Pois bem, quem faz uso do Orkut consegue sentir bem que as expressões xenofóbicas já descritas são demasiadamente difundidas. Sabe-se que denúncias contra toda sorte de discriminações contidas nesse site de relacionamentos vêm crescendo com um ânimo preocupante. Sou da opinião que esse espaço virtual não é o demiurgo e nem criador de qualquer tipo de discriminação. Todavia, é ali onde a raiva, a catarse odiosa e a necessidade de rebaixar figuras que são “socialmente reprováveis” encontra lugar e pega corpo, assim como a dengue se refestela em água limpa. O Orkut funciona como um catalisador e um “passe adiante” da humilhação, do ódio, da refrega, da separação, da aversão, da animosidade, da fúria. Uma simples comunidade de futebol pode ser um antro de “foda-se nordestino comedor de farinha” ou “esses paulistas são uns nazistas mesmo”, ou ainda “cariocas são uma sub-raça que deve ser exterminada.”
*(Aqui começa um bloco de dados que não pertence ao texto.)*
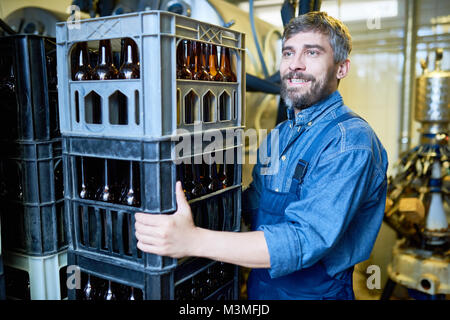 Heureux homme brutal auteur travaillant dans l'entrepôt de la bière Banque D'Images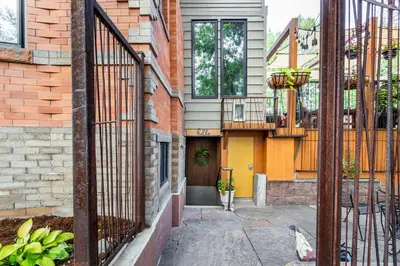 a house with an iron gate and a balcony at 2 Mi to Downtown Denver Stylish Gem with Fireplace! in Denver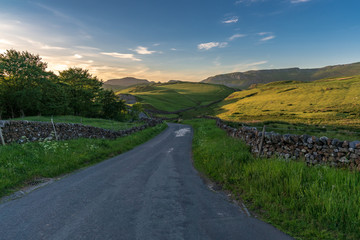 Rural road in the Yorkshire Dales near Settle, North Yorkshire, England, UK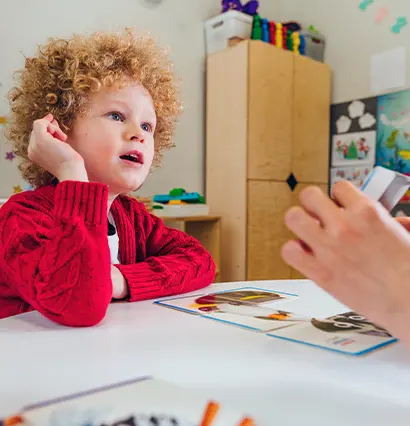Teacher spreads out puzzle in front of the child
Sem o Orkut não é tão fácil que mais de cinco mil pessoas se reúnam num espaço físico “real”, numa praça por exemplo, para humilhar um ser humano por perpetrar ideias ou apenas ter tecido um comentário que não agradou. “Só podia ser coisa de emo!”, “bane esse bizarro!”, “esse tipinho de gente deveria ser eliminada!”, “só podia ser um puto de um paraíba mermo!”. Essas são frases muito comuns de se encontrar e não é necessário se esforçar muito para se deparar com comunidades que operam livremente dessa maneira. Umas são explícitas, outras nem tanto. Não cabe aqui colá-las, não vale a pena perder tempo com perpetração de aversão ou odiosidade, mas que um alerta deve ser ligado, deve. Alias, me deixem citar apenas uma: Devolvam o Nordeste pra África (abaixo).
Assusta de alguma maneira notar, ainda hoje, a quantidade de reais apreciadores da filosofia purificatória do Nazismo, de movimentos separatistas, de abominadores de expressões religiosas e filosóficas e de depreciadores de classes sociais diferentes.
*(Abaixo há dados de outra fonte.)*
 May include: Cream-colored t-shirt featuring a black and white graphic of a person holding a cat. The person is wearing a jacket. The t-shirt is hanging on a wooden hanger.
No Orkut a bestialidade da falta de respeito por outrem tem seu exercício facilitado pelo anonimato, pela distância e pela cúmplice miserabilidade de uma parcela de seres humanos: um verdadeiro déficit de alteridade.
Alguém pode estar se questionando: duvido que quem escreve esse texto não use o Orkut, duvido ainda mais que ele não entre num estádio de futebol e, de maneira vociferante, fale mal de um juiz. Duvido que ele, em dia de jogos entre Brasil e Argentina, não deixe escapar sequer um xingamento aos hermanos. Duvido que ele esteja num ponto de ônibus às duas da manhã e veja ao longe um homem negro e descalço e não desconfie dele. É um hipócrita! Todavia, afirmo que alguém que disser que não possui sequer um único pré-conceito não é ser humano. Entretanto, é inteligente notar que existe uma diferença abissal entre pré-conceito e discriminação. Eu pré-concebo que se comer um pedaço de tijolo, além de quebrar os dentes, prejudicarei o estômago. Eu pré-concebo que, se votar em Collor, ele defraudará novamente qualquer setor da política que faça parte.
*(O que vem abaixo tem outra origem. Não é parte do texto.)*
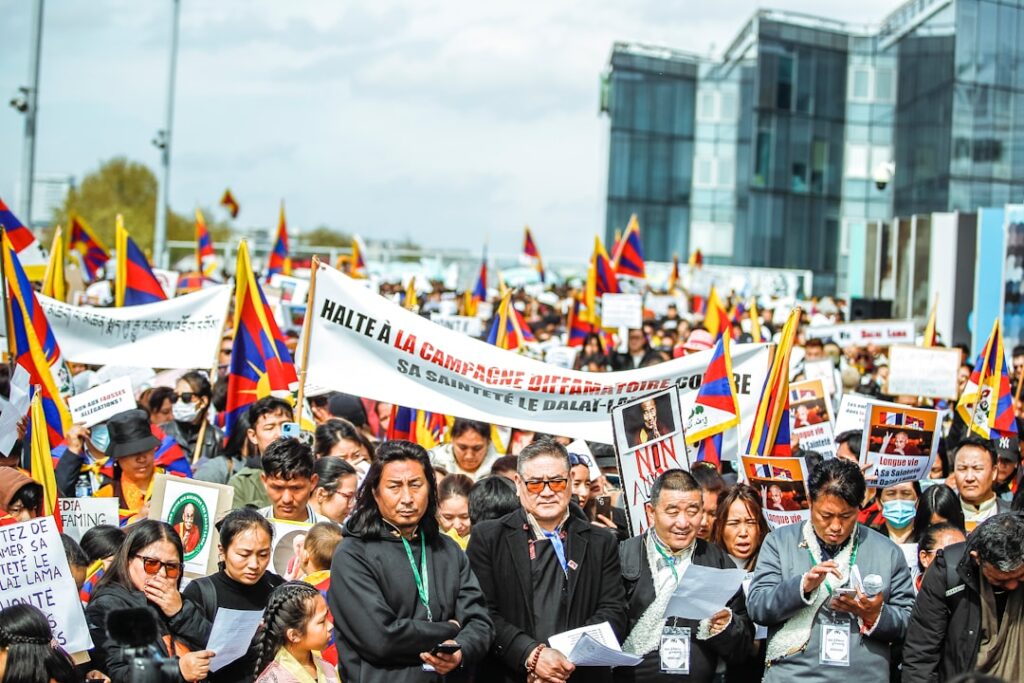a large group of people holding signs and flags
Como se resolve isso? Qualquer resposta aqui vai ser considerada proselitismo, excesso de alteridade, discurso de classe oprimida ou pacifismo fast-food on-line. Não estarei também cometendo certa generalização? Uma questão filosófica, mesmo que de antropologia filosófica, se ocupa mais em sofisticar a pergunta para que o fenômeno se evidencie de maneira clara do que oferecer repostas diretas e apodíticas. Discutamos.